Paper in Child: Care, Health and Development
  • Livesey, D., Lum Mow, M., Toshack, T. and Zheng, Y. (2011). The relationship between motor performance and peer relations in 9- to 12-year-old children. Child: Care, Health and Development, 37(4), 581-588.

    ABSTRACT
    Background: Poor motor skills have been associated with peer relationship difficulties, with lower peer preference and greater likelihood of suffering from withdrawal and low self-worth. Most research into these relationships has focused upon children with motor problems and on activities involving physical skills (play/sport). The current study examined the link between motor performance and peer relations in 9- to 12-year-old children in both physical and non-physical (schoolwork) settings using a community sample.

    Methods: Participants were 192 school children whose motor performance was tested using the Movement Assessment Battery for Children. Peer acceptance was assessed using the Peer Rating Scale and teachers completed the Peer Exclusion subscale of the Child Behaviour Scale to indicate each child's peer status. Children were also asked to indicate their level of physical activity and their perceived freedom in leisure using self-report questionnaires.

    Results: Children with poor motor performance had lower levels of physical activity, and freedom in leisure and were less preferred by their peers in both play and classroom settings. These effects were stronger for boys than for girls. Teacher indicated that children with poorer motor skills experienced higher levels of peer rejection in the classroom setting. When motor performance was separated into fine- and gross-motor performance it was found that only the latter was significantly correlated with peer acceptance in the play context but that fine-motor skills contributed significantly to variance in teacher ratings of peer exclusion in the classroom setting.

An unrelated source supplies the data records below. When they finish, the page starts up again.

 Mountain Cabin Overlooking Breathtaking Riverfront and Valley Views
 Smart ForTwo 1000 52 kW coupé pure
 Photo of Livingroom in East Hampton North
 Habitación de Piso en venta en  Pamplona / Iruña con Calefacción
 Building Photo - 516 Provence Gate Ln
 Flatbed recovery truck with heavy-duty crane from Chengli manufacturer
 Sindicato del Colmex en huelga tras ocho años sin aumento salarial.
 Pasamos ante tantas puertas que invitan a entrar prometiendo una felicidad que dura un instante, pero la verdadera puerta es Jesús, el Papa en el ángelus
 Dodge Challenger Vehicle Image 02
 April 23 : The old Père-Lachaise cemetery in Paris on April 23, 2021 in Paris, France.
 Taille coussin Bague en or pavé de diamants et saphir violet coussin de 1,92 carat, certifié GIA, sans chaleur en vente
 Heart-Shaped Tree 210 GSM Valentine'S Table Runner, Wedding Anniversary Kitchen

    Conclusions: The results support and extend earlier findings that children with poor motor performance are less accepted by their peers in play settings and provide some support for this extending to settings involving low levels of physical activity (classroom settings). The results similarly support previous findings that motor performance is associated with perceived freedom in leisure and with the likelihood of participating in active pursuits.